# WHAT YOU SHOULD DO
For this exercise, the lines from the one with "un grand barbecue" through the final line of the data below are to be transcribed exactly, and pictures are to be skipped.

══════

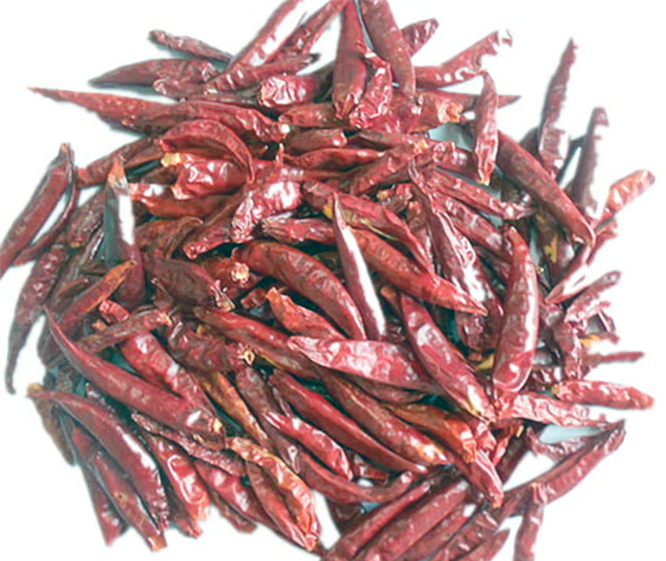 air-dried red chillies against a white background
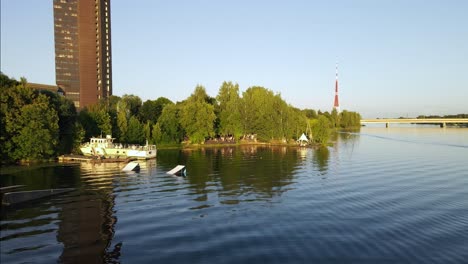 Parque-De-Wakeboard-Con-Un-Viejo-Barco-Frente-Al-Edificio-De-Televisión-De-Aspecto-Soviético-Con-Una-Torre-De-Televisión-En-Un-Fondo-Lejano-Junto-Al-Río-Daugava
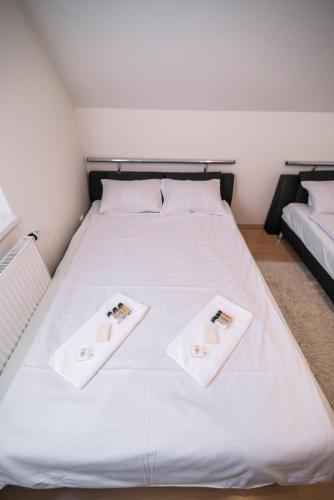 a large white bed with two white towels on it at Horský apartmán Špindlerův Mlýn in Krausovy Boudy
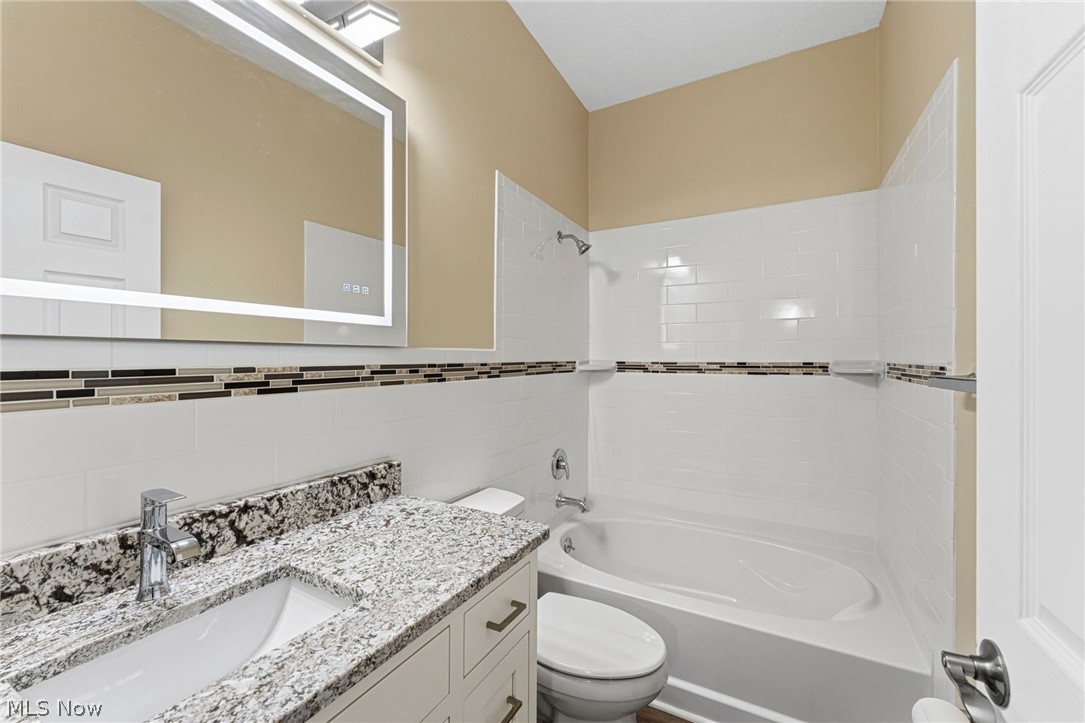 13011 West Lake Road Vermilion, OH 44089 - Photo 24 of 29 Fully renovated Upstairs Bath new bathtub and surround, new vanity and sink, new toilet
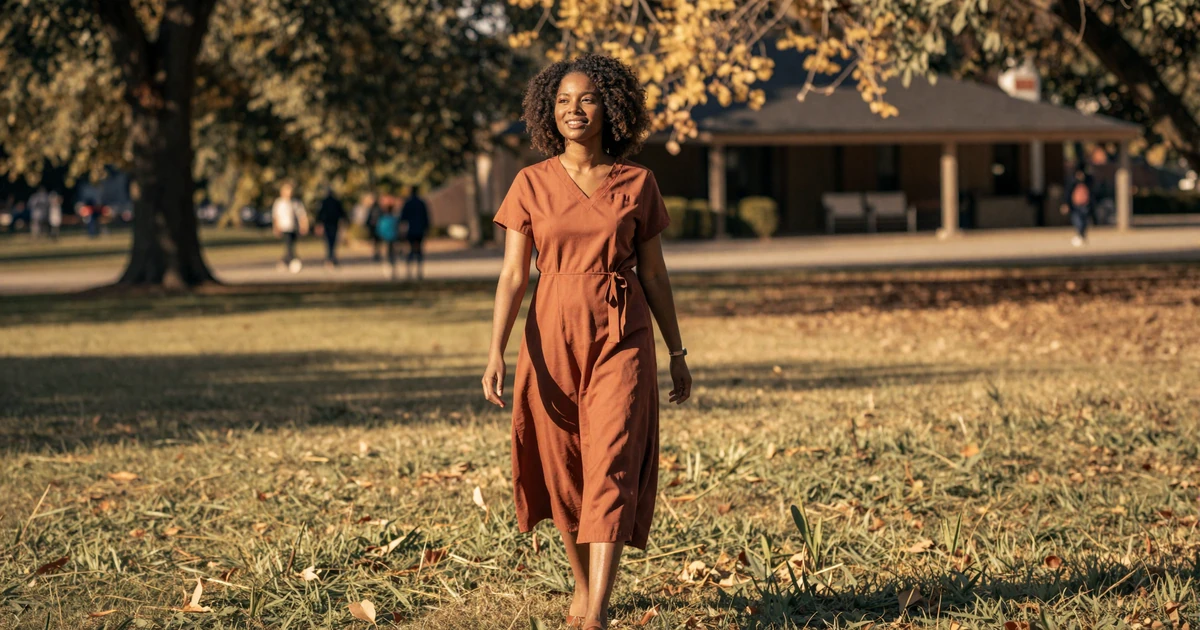 Confident female nurse midwife in a flowing dress walking in a sunlit park at golden hour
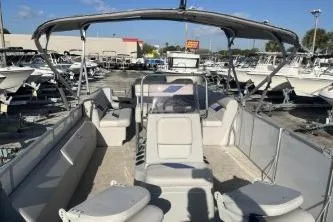 Slide: The Image of 2023 Suntracker G3 Select 322 CC pontoon boat with spacious seating and canopy in a marina. - 7
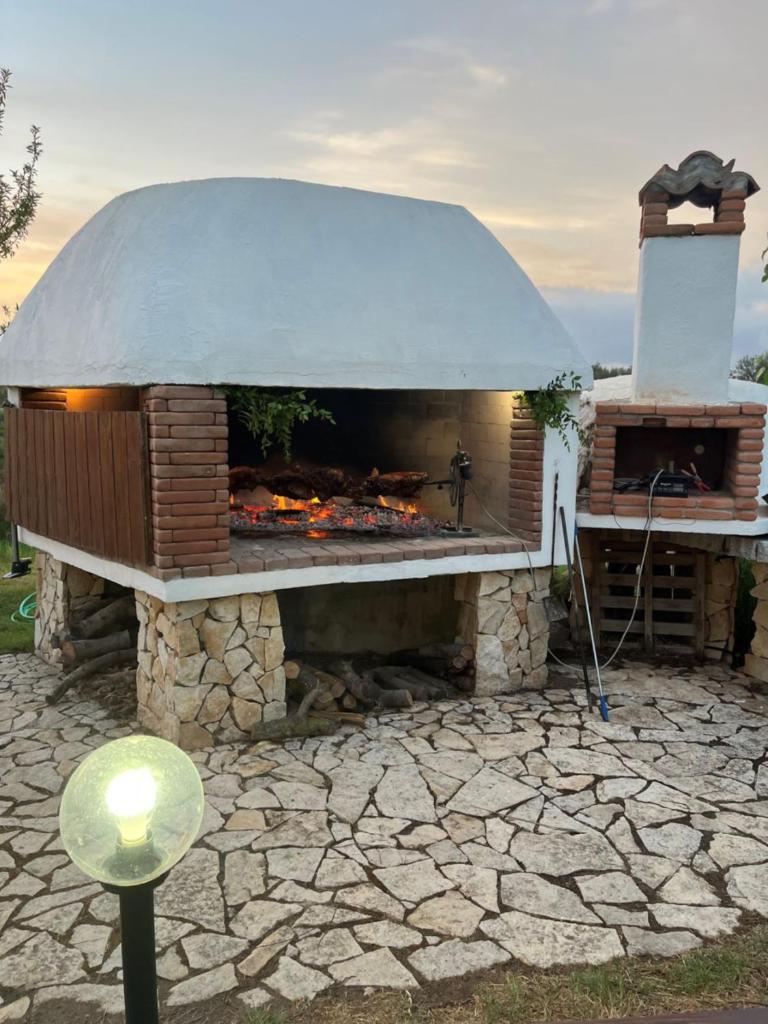 un grand barbecue extérieur avec cheminée dans l'établissement Hotel Baia Cea, à Bari Sardo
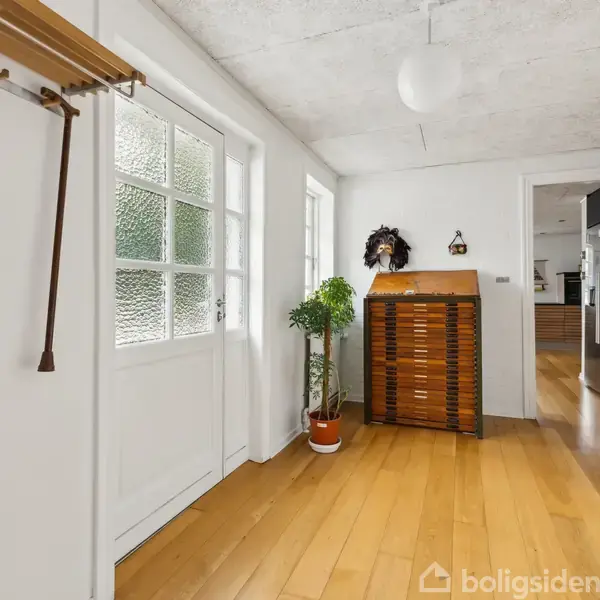 Stok hænger fra knagerække på en væg i lys entré med trægulv. Plante ved dør, og en dekorativ kiste står langs væggen. Indgang til køkken ses til højre.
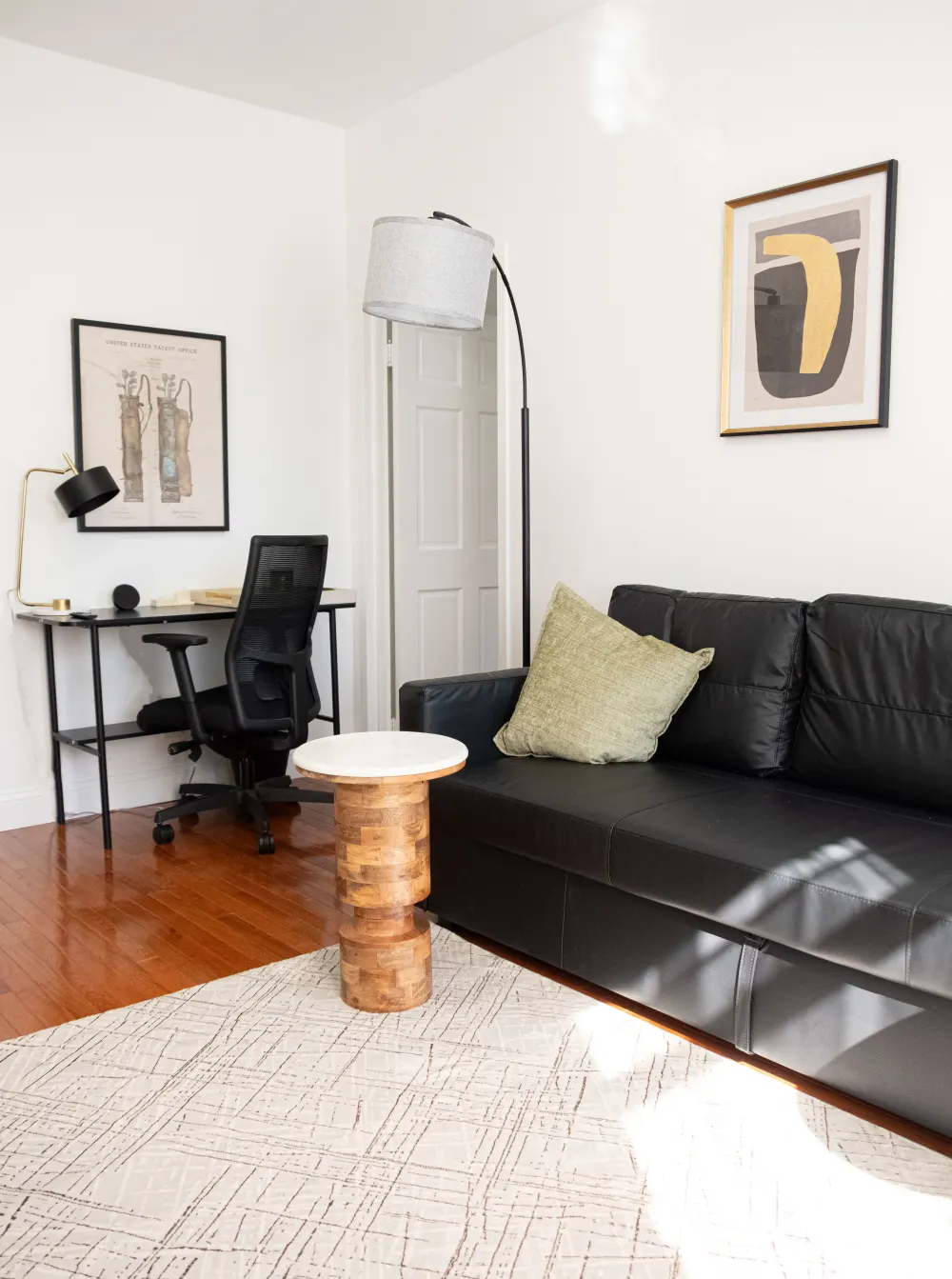 Modern living room with workspace.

══════

# SOLUTION TO THIS TASK
 un grand barbecue extérieur avec cheminée dans l'établissement Hotel Baia Cea, à Bari Sardo
 Stok hænger fra knagerække på en væg i lys entré med trægulv. Plante ved dør, og en dekorativ kiste står langs væggen. Indgang til køkken ses til højre.
 Modern living room with workspace.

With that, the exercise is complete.